Research Vision: Agents Taught by Typical Computer Users
The Learning Agents Center conducts basic and applied research on the development of cognitive assistants that:
- learn problem solving expertise directly from subject-matter experts,
- support experts and non-experts in problem solving and decision making,
- teach their problem solving expertise to students.
Major research areas include instructable agents, evidence-based reasoning, ontologies and rules, multistrategy learning with an evolving knowledge representation, graphical user interfaces, integrated logic and probabilistic reasoning in uncertain and dynamic environments, mixed-initiative reasoning, crowd problem solving, modeling experts' reasoning, learning-based knowledge engineering, natural language processing, and intelligent tutoring systems.
The Center also has the mission of supporting teaching in its areas of expertise, particularly instructable cognitive assistants, machine learning, knowledge acquisition, intelligent agents, artificial intelligence and its applications.
The Center is working toward a general theory of how subject matter experts (who do not have computer science or knowledge engineering experience) can directly develop knowledge-based agents that incorporate their expertise. The approach relies on developing powerful learning agents that can be taught by the experts in ways that are similar to how the experts would teach students or apprentices, by explaining problem solving examples, and by supervising and correcting their problem solving behavior. Because such agents learn to replicate the problem-solving behavior of their human experts, we have called them Disciple agents.
At the core of many problem solving and decision making tasks is reasoning with incomplete, ambiguous, contradictory, and inconclusive information of imperfect credibility. Therefore, the center is also working toward integrating a general computational theory of evidence-based reasoning into the Disciple learning agents. This means that, before being trained for a specific application domain, a Disciple agent already contains a significant amount of domain-independent knowledge of evidence-based reasoning, including an ontology of evidence and rules for determining the credibility of evidence. This enables more rapid development of agents for specific evidence-based reasoning applications.

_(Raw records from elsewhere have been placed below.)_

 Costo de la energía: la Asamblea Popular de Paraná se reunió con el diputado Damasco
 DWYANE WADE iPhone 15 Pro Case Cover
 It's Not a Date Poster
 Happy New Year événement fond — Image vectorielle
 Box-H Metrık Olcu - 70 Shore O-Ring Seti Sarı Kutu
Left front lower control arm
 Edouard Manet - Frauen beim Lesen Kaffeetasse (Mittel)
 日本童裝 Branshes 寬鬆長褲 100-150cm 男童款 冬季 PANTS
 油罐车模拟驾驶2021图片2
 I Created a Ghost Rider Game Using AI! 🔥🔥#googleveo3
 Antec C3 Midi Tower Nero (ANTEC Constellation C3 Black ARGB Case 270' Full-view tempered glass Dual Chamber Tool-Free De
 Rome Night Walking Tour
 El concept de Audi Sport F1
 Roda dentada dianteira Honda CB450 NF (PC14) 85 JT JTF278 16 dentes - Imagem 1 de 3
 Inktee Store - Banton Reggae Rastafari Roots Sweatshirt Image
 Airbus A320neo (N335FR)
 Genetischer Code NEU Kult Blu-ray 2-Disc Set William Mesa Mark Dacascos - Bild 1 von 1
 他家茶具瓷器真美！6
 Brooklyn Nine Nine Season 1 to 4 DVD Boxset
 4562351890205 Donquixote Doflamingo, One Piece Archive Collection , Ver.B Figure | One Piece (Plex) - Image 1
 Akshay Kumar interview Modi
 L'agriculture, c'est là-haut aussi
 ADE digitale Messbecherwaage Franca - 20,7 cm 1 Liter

In the long term, the learning and evidence-based reasoning theory and technology developed in the center (called the "Disciple approach") contributes to a new revolution in the use of computers by enabling typical computer users to develop their own cognitive assistants. Thus, non-computer scientists will no longer be only users of generic programs developed by others (such as word processors or Internet browsers), as they are today, but also agent developers themselves. They will be able to train their personal Disciple assistants to help them with their increasingly complex tasks in the knowledge society, which should have a significant beneficial impact on their work and life.
In the short term, the center follows a spiral approach toward its long term goal through successive cycles of:
- basic and applied research on learning agents,
- design and development of tools for building learning agents,
- employment of these tools to develop agents for a wide variety of applications, and
- transition of these agents to end-users.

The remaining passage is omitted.